本発明は、ヒートシール性とイージーピール性を兼ね備え、かつ耐油性に優れたヒートシール層を備えた積層フィルムおよびその製造方法に関し、さらに詳しくは、油性のダスト吸着剤を含有するモップ類やクロス類、マット類などのダストコントロール用品の包装に適したフィルムに関するものである。
二軸延伸されたポリエチレンテレフタレートフィルム(通称PETフィルムともいう)は機械的強度や寸法安定性、透明性、保香性、印刷適性等に優れることから、包装フィルムとして非常に多くの用途で用いられている。
通常、二軸延伸ポリエチレンテレフタレートフィルムを包装材料に用いる場合、ポリエチレンやポリプロピレンなどのヒートシールが可能なシーラント層を押出ラミネーションやドライラミネーションにより積層して、三方シール袋やピロー袋などの種々の形態の包装袋に製袋されるのが一般的である。

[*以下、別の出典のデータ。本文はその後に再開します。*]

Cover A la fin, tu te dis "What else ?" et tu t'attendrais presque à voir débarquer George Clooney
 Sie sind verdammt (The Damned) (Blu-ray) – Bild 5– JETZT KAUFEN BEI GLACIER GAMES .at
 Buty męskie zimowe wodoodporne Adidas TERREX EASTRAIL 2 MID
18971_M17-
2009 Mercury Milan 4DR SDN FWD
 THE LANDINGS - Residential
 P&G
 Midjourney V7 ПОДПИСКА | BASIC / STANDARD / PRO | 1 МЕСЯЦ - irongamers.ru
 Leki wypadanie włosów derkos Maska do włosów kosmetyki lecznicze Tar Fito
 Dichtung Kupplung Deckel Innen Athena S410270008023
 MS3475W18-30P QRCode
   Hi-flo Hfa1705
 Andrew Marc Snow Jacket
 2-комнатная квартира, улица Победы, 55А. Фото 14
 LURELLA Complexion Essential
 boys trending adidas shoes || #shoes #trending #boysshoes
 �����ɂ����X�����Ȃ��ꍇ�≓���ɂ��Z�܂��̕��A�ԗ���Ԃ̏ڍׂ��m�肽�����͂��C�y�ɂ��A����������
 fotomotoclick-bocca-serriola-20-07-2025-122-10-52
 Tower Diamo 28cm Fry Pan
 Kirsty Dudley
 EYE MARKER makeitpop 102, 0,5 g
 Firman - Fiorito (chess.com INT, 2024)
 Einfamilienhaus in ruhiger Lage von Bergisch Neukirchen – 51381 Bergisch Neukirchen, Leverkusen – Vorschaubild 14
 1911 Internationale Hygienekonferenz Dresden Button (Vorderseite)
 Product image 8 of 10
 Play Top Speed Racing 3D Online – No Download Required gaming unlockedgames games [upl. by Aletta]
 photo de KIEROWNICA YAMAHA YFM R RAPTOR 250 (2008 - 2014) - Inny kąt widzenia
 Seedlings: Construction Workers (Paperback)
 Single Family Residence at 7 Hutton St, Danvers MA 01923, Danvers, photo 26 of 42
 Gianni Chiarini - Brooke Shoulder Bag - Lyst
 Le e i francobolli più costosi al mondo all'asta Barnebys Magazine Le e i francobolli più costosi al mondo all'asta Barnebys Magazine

一方、一般家庭やオフィス、店舗等の事業所において使われる清掃用品には、従来の水拭き雑巾に替わって、最近はちりやほこりを吸着し、さらに抗菌性を有するダスト吸着剤をパイルやクロスなどの繊維製品に染みこませた、いわゆるダストコントロール用品が主流となっている。ダストコントロール用品の主な商品としては、化学雑巾と呼ばれるクロス類、床などのほこりを除去するモップ類、玄関等に置かれるマット類などがある。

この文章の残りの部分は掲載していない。